Die späten Jahre: Egger in der Steinhütte
Nachdem Egger aus dem Krieg zurückkehrt, kommt er beim Schulhaus unter. Dieses befindet sich in Berg, dem Nachbarort von Gruben, wo (siehe oben) die meisten Dorfszenen entstanden sind. Nachdem dieses Haus abgerissen wird, pachtet Egger vom Wirt die abgelegene Steinhütte, in der er seinen Lebensabend verbringt. Die sogenannte Halterhütte befindet sich im Umbaltal, nahe der Umbalfälle, im Nationalpark Hohe Tauern und wird als Jagdhütte genutzt.
Erleben
Das Umbaltal führt der Isel entlang von der Quelle bis nach Hinterbichl. Entlang der Themenwanderung „Wasserschaupfad Umbalfälle“ begleitet man den Bergbach ein Stück bis zu den beeindruckenden Umfalfällen.

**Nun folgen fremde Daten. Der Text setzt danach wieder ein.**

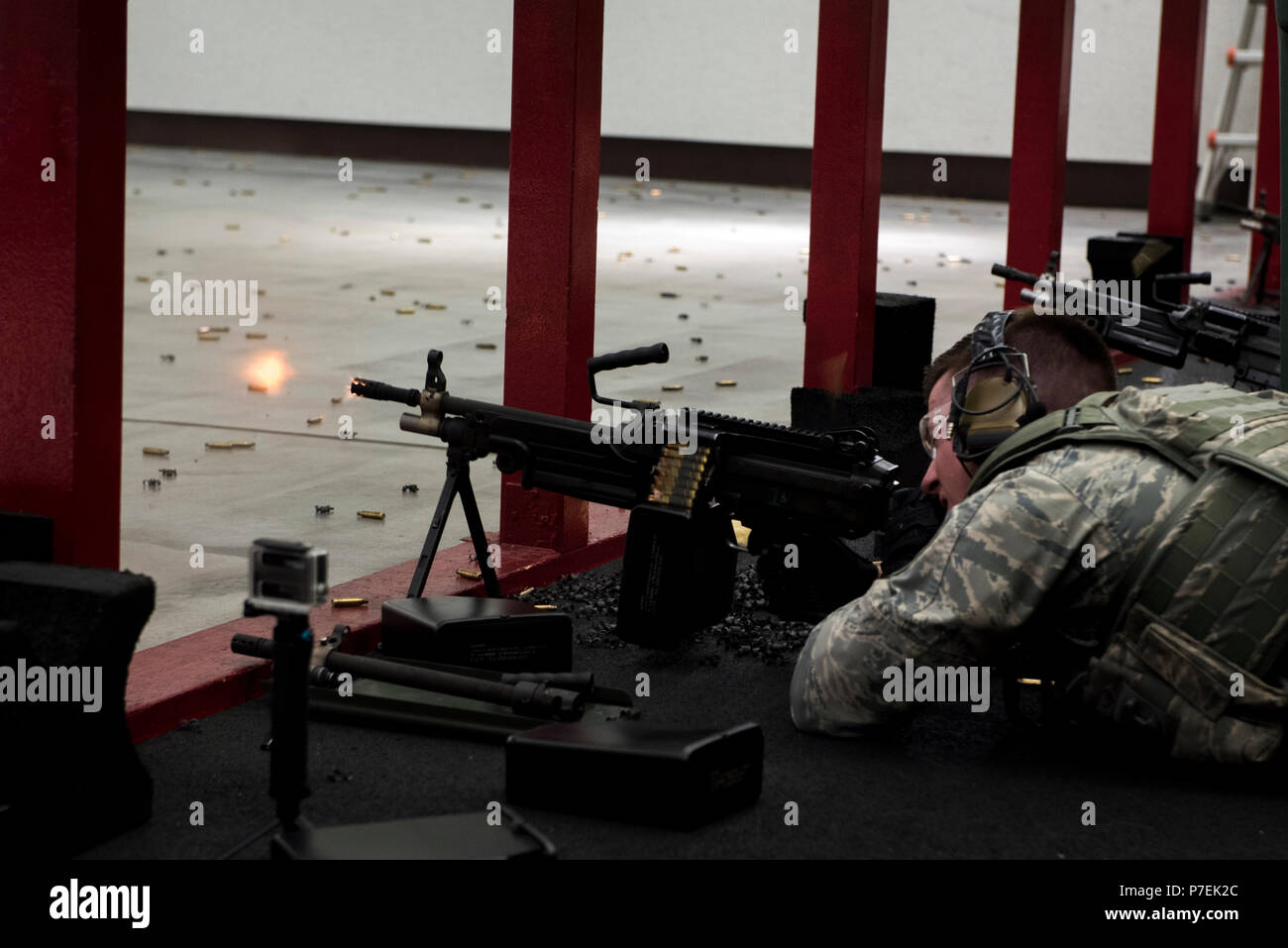 Staff Sgt. Daniel Lanata, 374th Security Forces Squadron 2018 Security Forces Advanced Combat Skills Assessment team member, fires the M249 light machine gun during training, May 31, 2018, at Yokota Air Base, Japan. The 374 SFS team practiced firing the various weapons including the M4 carbine assault rifle, M9 pistol and the M249 light machine gun in preparation for the 2018 ACSA competition at Andersen Air Force Base, Guam. (U.S. Air Force photo by Senior Airman Donald Hudson) Stock Photo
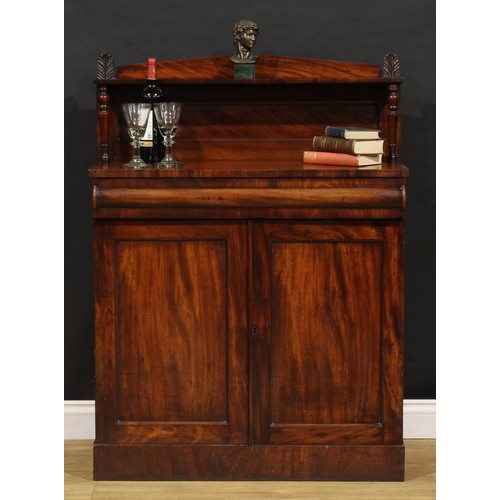 1693 - A George IV mahogany chiffonier, of small proportions, cushion moulded drawer to frieze above a pair...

Etwas oberhalb befindet sich die Halterhütte und jene Stelle, an der er beim Waschen von Wanderern überrascht wird.
Wem die kurze Wanderung nicht genug ist, wählt den Aufstieg weiter zur Clarahütte. Besonders viel sieht man entlang des 76 Kilometer langen Iseltrail, einem Weitwanderweg, der ohne viele technischen Schwierigkeiten von Lienz bis zur Iselquelle führt. Die Steinhütte passiert man übrigens entlang der vierten Iseltrailetappe.
"Ein ganzes Leben" ist eine Koproduktion von EPO Film und Tobis nach dem gleichnamigen Bestseller von Robert Seethaler. Die Dreharbeiten unter Regisseur Hans Steinbichler fanden zwischen Februar und Juli 2022 an 47 Drehtagen in Osttirol statt. Der Film feierte seine Premiere beim Zürich Filmfestival im Oktober 2023 und ist seit November 2023 in den Kinos zu sehen.